Data for the task
==========
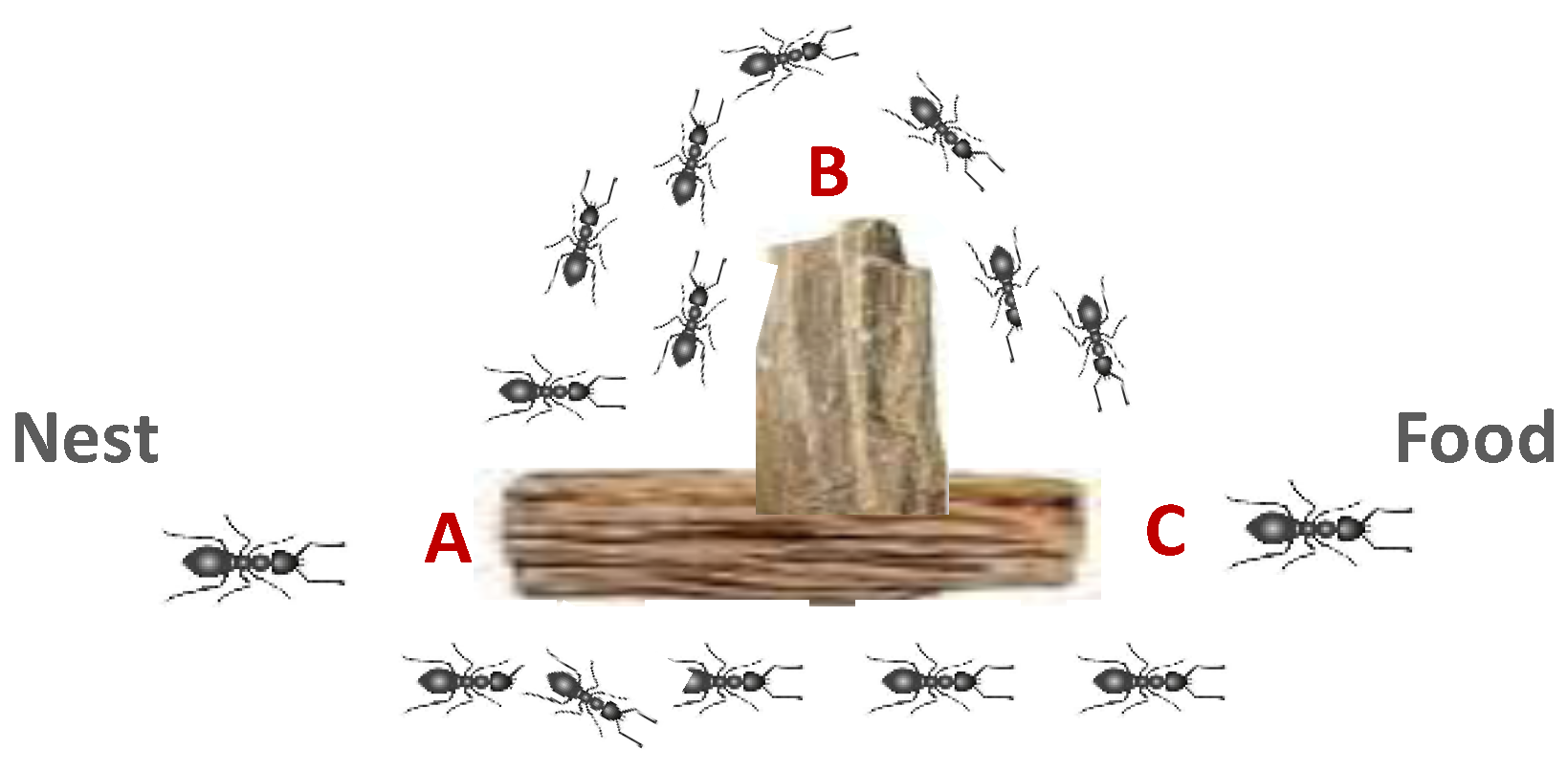 Digital 05 00006 g002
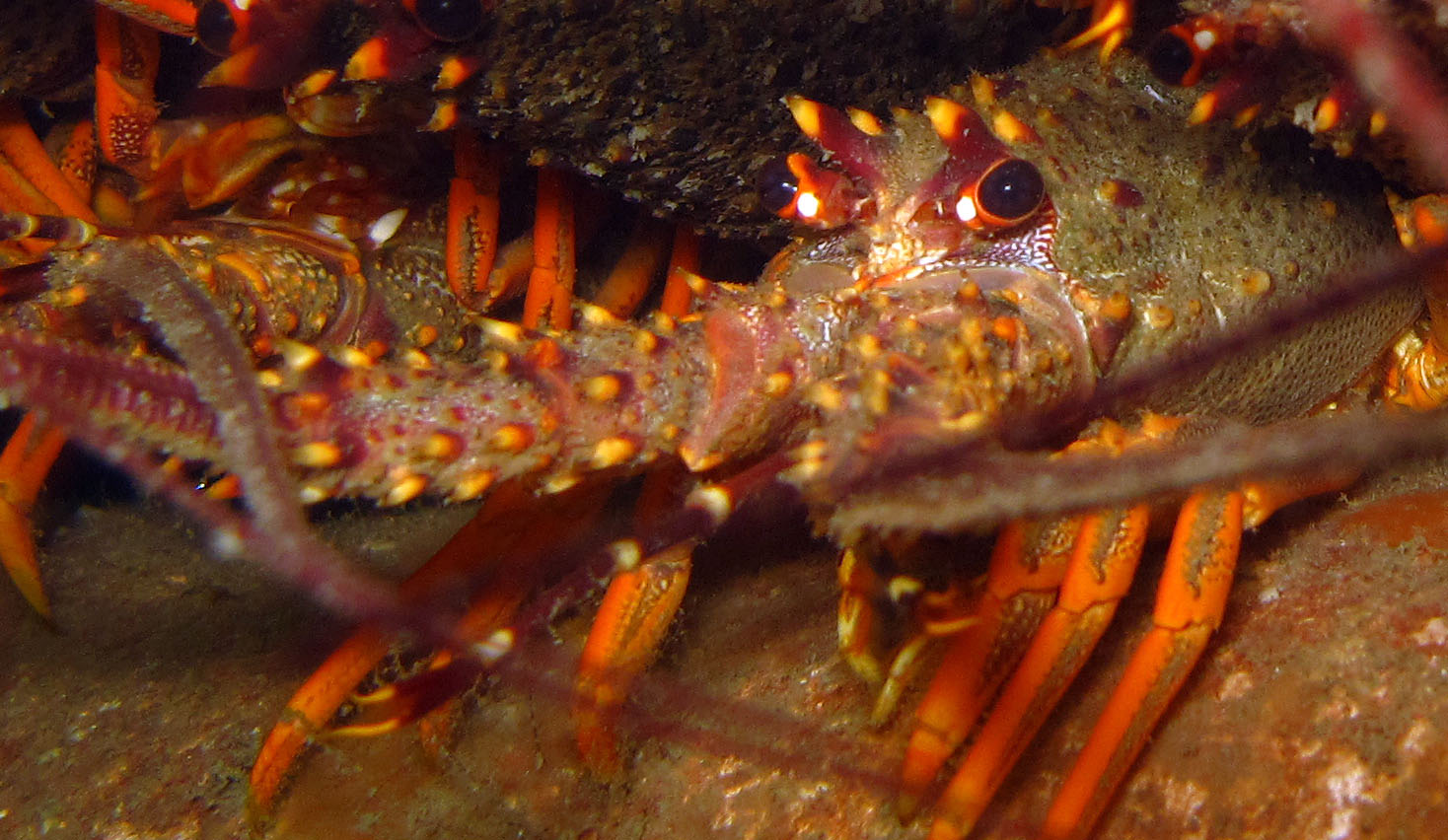 Crayfish close up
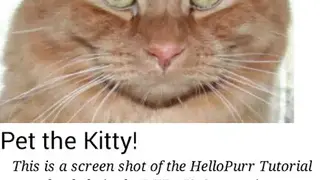 MIT AI2 Companion screenshot
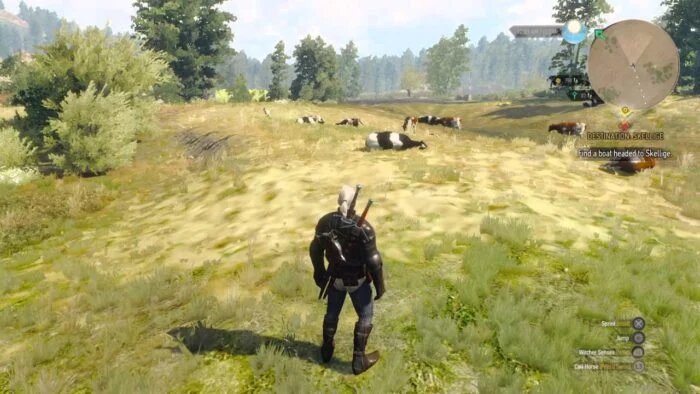 Cows The Witcher 3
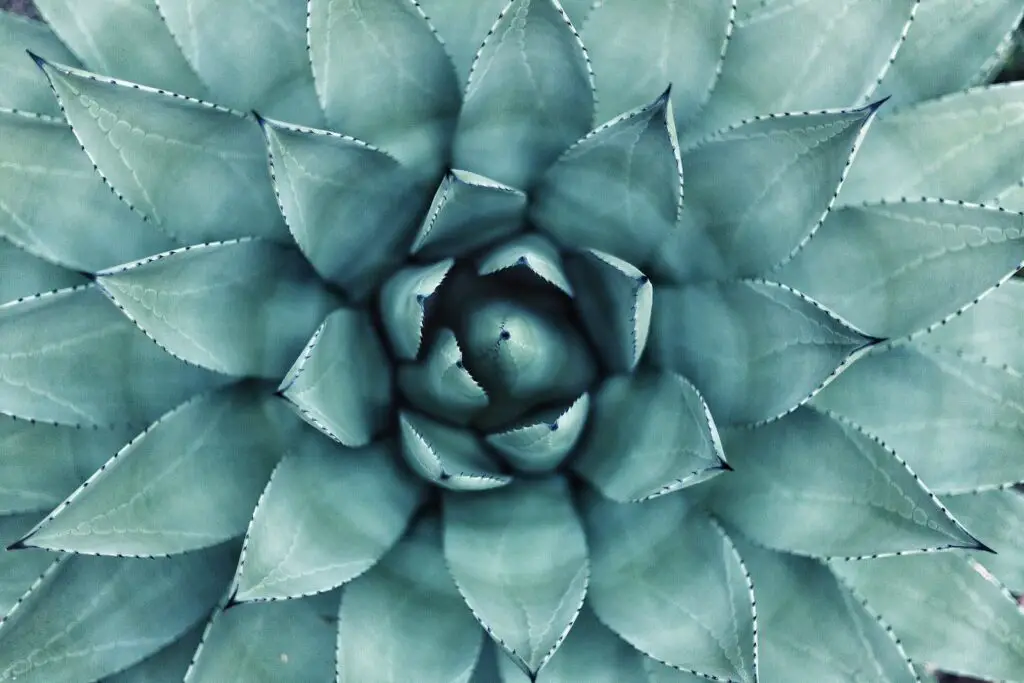 Agave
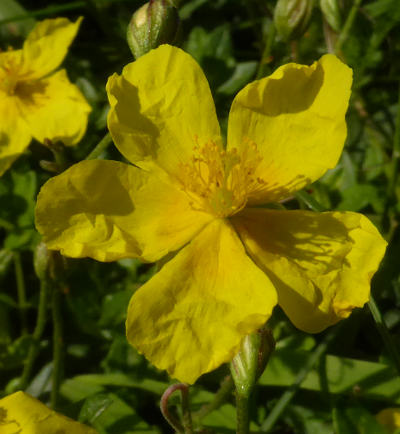 helianthemum nummularium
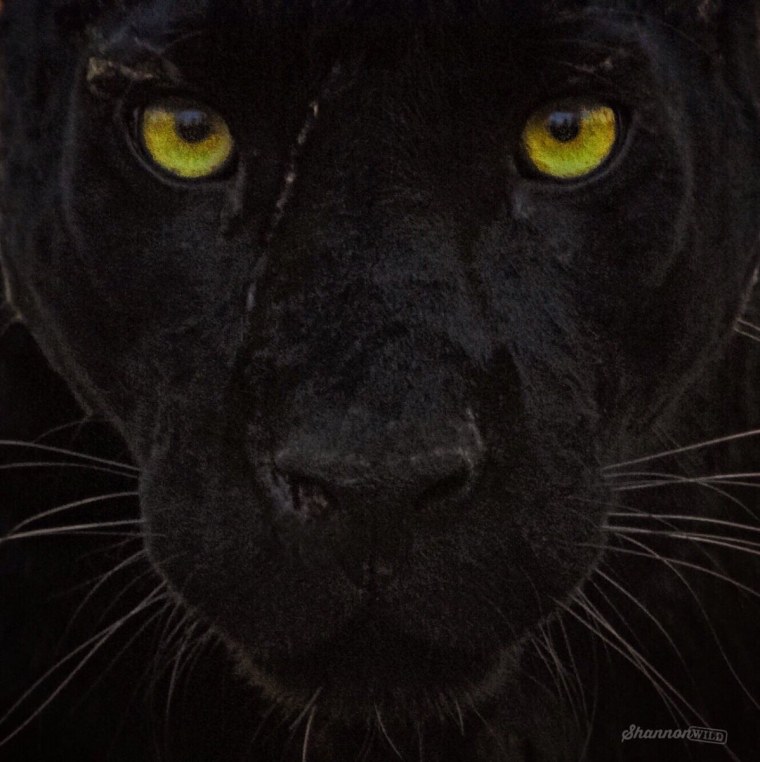 Пантера с желтыми глазами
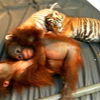 022807_tiger_orangutans3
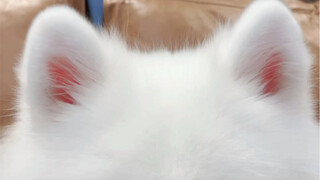 นี่คือซามอยด์ที่มีหูสีชมพูที่สุดที่คุณเคยเห็นหรือเปล่า?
==========
Work to complete
Output nothing but the lines from the one containing "Cows The Witcher 3" to the end of the listing, both ends included, reproduced exactly. Pictures stay out.

Solution to this exercise
 Cows The Witcher 3
 Agave
 helianthemum nummularium
 Пантера с желтыми глазами
 022807_tiger_orangutans3
 นี่คือซามอยด์ที่มีหูสีชมพูที่สุดที่คุณเคยเห็นหรือเปล่า?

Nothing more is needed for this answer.